Some day I'm going to be cooking, like, three small pork chops, and this sort of thing will no longer be a part of my life. And I'll miss it, right? Right.

Anyway! I made the biscuits because the oven was on anyway for the pork and I had a batch of yogurt that my children complained was lumpy. I make one and a half of this recipe in a 9"x13" pan, which uses up a lot of yogurt (in place of the buttermilk).

The slaw was a last-minute thing I made up. Just half a shredded garden cabbage with a shredded carrot, the last of some mustard vinaigrette on the counter, onion powder, and a couple of spoonfuls of yogurt. It was even less creamy than the coleslaw I typically make, but actually pretty good.

Sunday

Short version: Birthday sausage, pasta with not enough pesto, still-frozen peas, brownies and ice cream

Long version: The July birthday boy always wants pasta with pesto for his birthday dinner. This is handy, since I always have basil in the garden in July.

Except this year, the grasshoppers want to eat the basil. I actually made the pesto a few days earlier, because I noticed grasshopper damage and was afraid if I waited there would be none left at all by Sunday.

The plants were already pretty small, so to get any basil at all, I had to carefully harvest just a few leaves from every plant. I stretched this just a bit with some lamb's quarters (a weed sort of like spinach), but it was still a very small amount of pesto.
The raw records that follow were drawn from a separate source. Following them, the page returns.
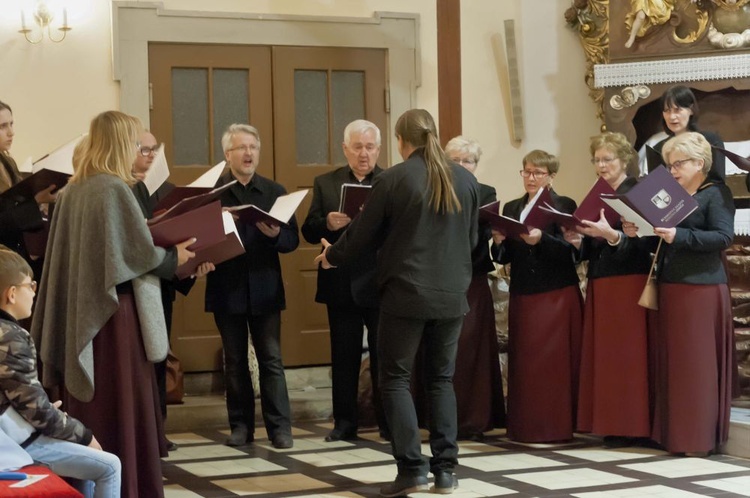 Msza Święta Wieczerzy Pańskiej w Kudowie Zdrój-Czermnej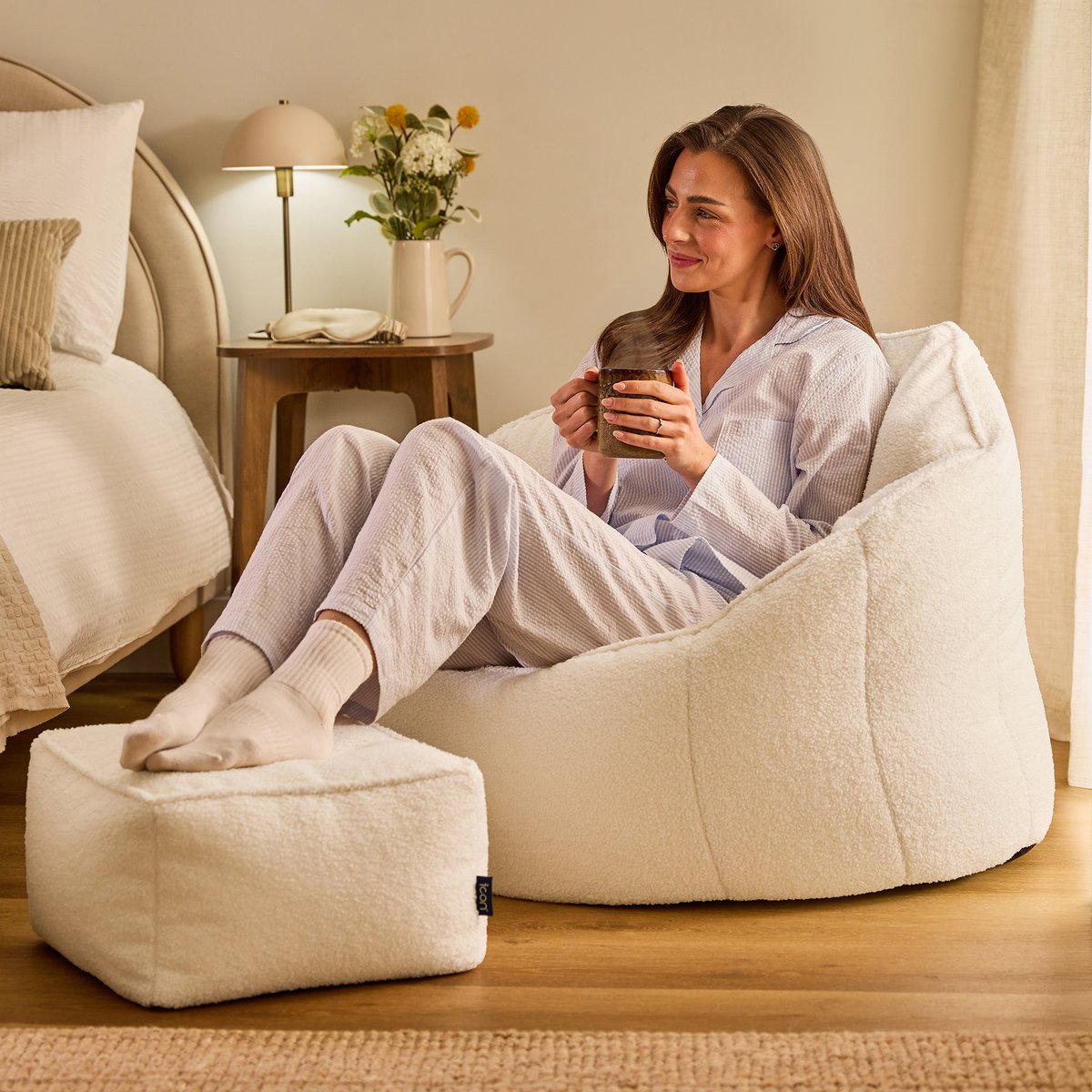 Pouf fauteuil coquillage et son repose-pied carré en bouclette Oeko-Tex® - SIRENA ivoire, ICON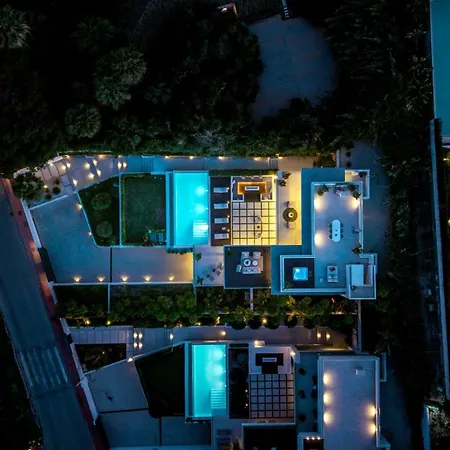 Vacation I Almost Heaven, Private Heated Pool, Prime Location Golf Valley, Minutes To Puerto Banus, Hot Tub, Gym, World-class Dining Marbella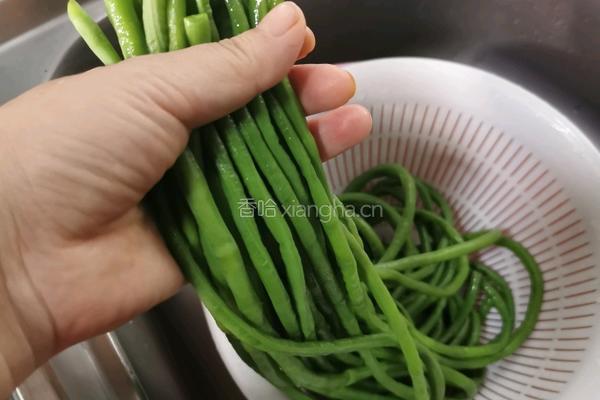 凉拌豇豆的做法图解22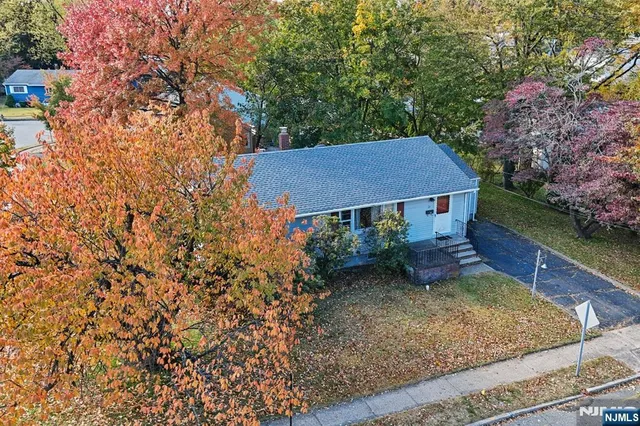 $479,000 | 21 Hawthorne Avenue, Hawthorne, NJ 07506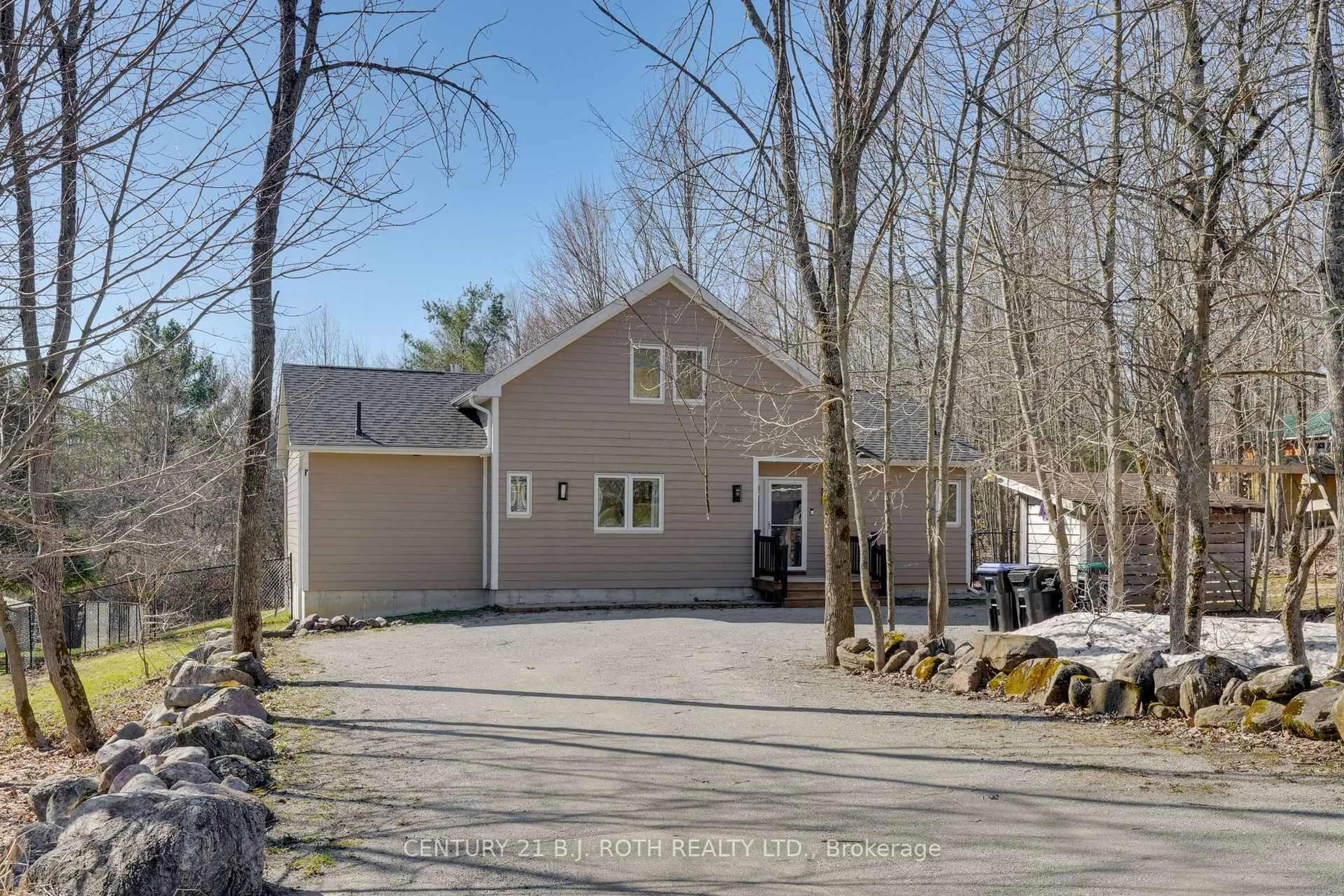 A pic from outside/outdoor area/front of a property/back of a property/a pic from drone, street for 46 Slalom Dr, Oro-Medonte Ontario L0K 1N0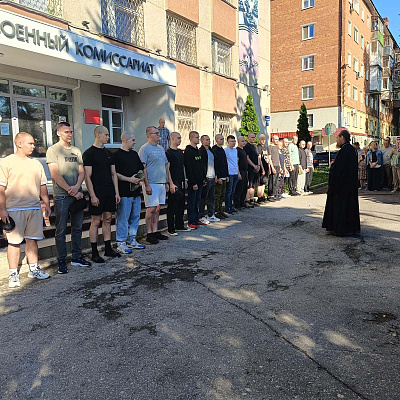 Помощник благочинного Нагорного округа напутствовал призывников перед отправкой на срочную военную службу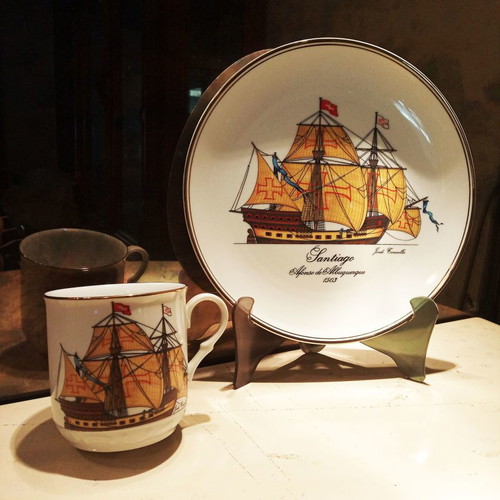 Porcelain collection The Ships of the Great Navigators new, set of 12 plates and cups Furstenberg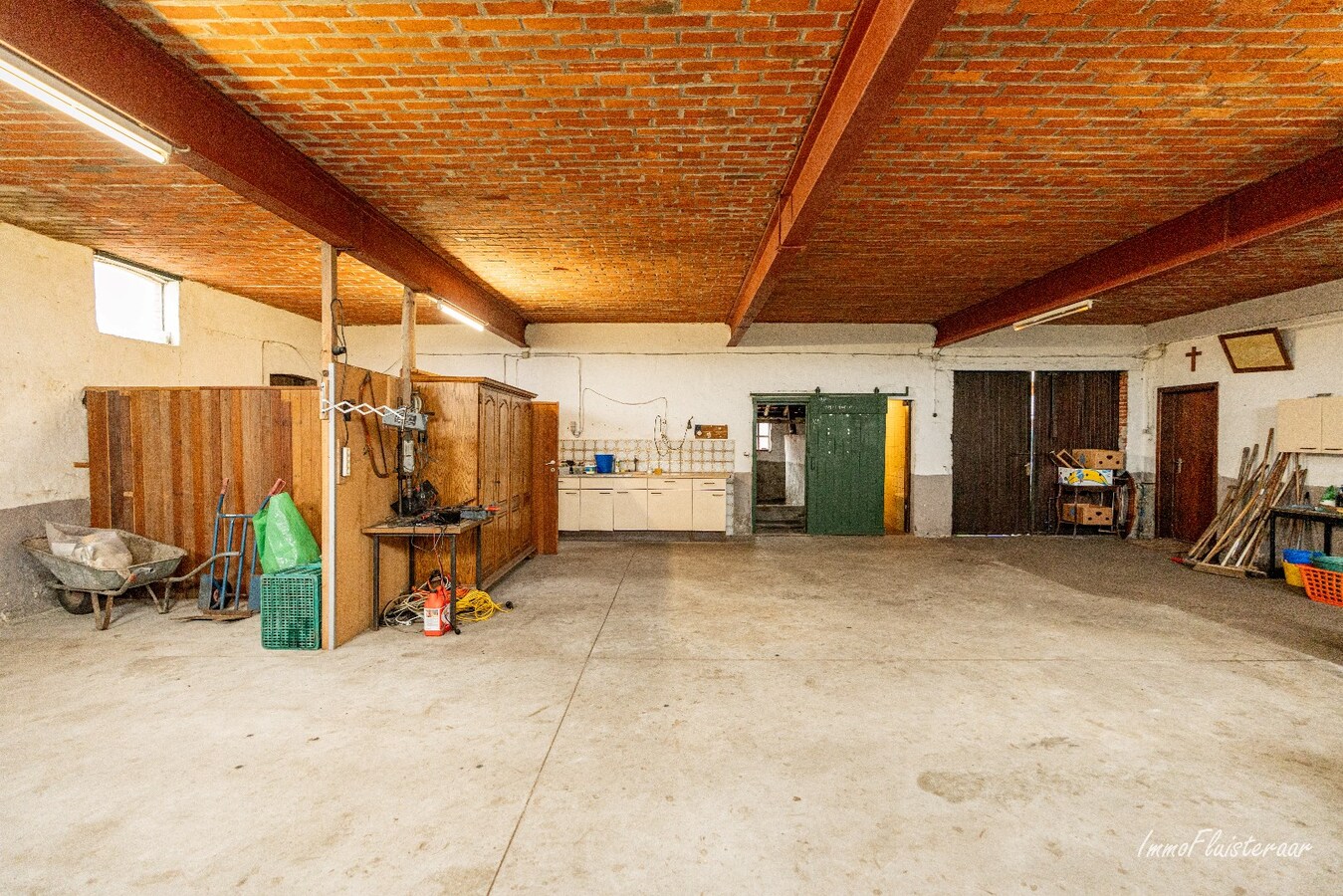 Ferme caractéristique avec une grande grange sur environ 2 hectares à Hoogstraten (achat de terrain supplémentaire d'environ 4 hectares possible). 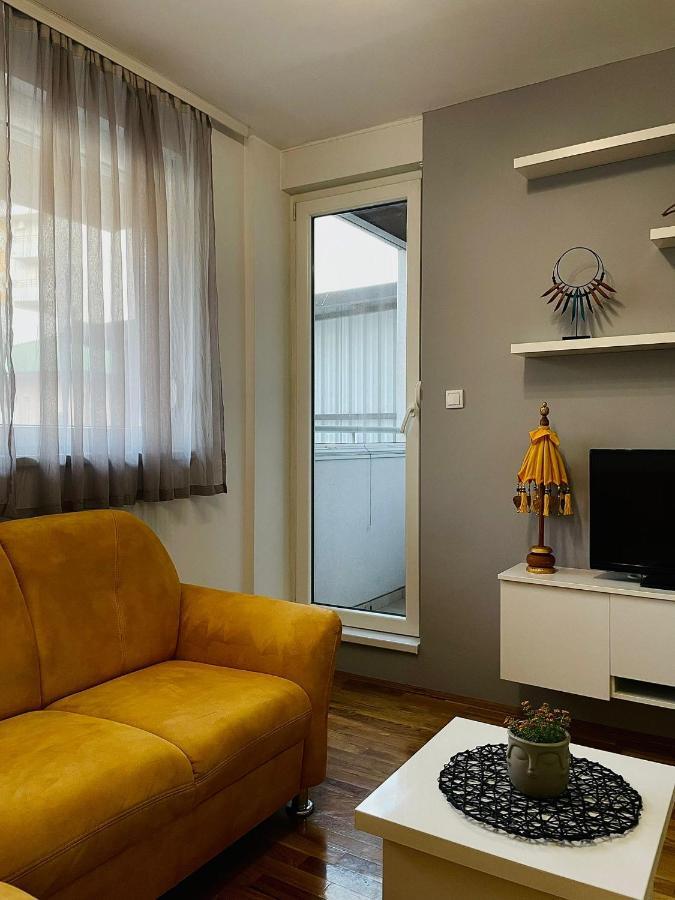 Ferienwohnung Yellow Ns Novi Sad Exterior foto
The plants had grown back just a little by Sunday, so right before dinner I harvested a few more leaves of basil and made another miniscule batch of pesto. This was still not enough for the amount of pasta my kids want to eat, but it was the best I could do.

I had two packages of the Albuquerque-purchased Italian sausage left, so that helped to mitigate the pesto disappointment. 

The birthday boy had only asked for ice cream for his dessert, but when I asked if he would like some brownies maybe too, he said yes. Poppy wants to enter brownies into the county fair this year, so I had her make them while I was in the kitchen. She did a good job, although they were slightly overbaked.


She put all the candles in, too.

Monday

Short version: Pork, roasted potatoes, corn, fresh bread with jam, later ice cream

Long version: Always a lot of pork left from a pork shoulder, which I suppose somewhat makes up for the irritation in cooking it this time. I had baked bread just before dinner, so while the oven was still hot, I left it on and put in a skillet of the par-roasted potatoes from the freezer, along with the pork and frozen corn.

Since I had four bread pans hanging around waiting to be washed, I put the pork in one and the frozen corn in the other to put in the oven.


I neglected to get a photo of the full pans, so here's the aftermath.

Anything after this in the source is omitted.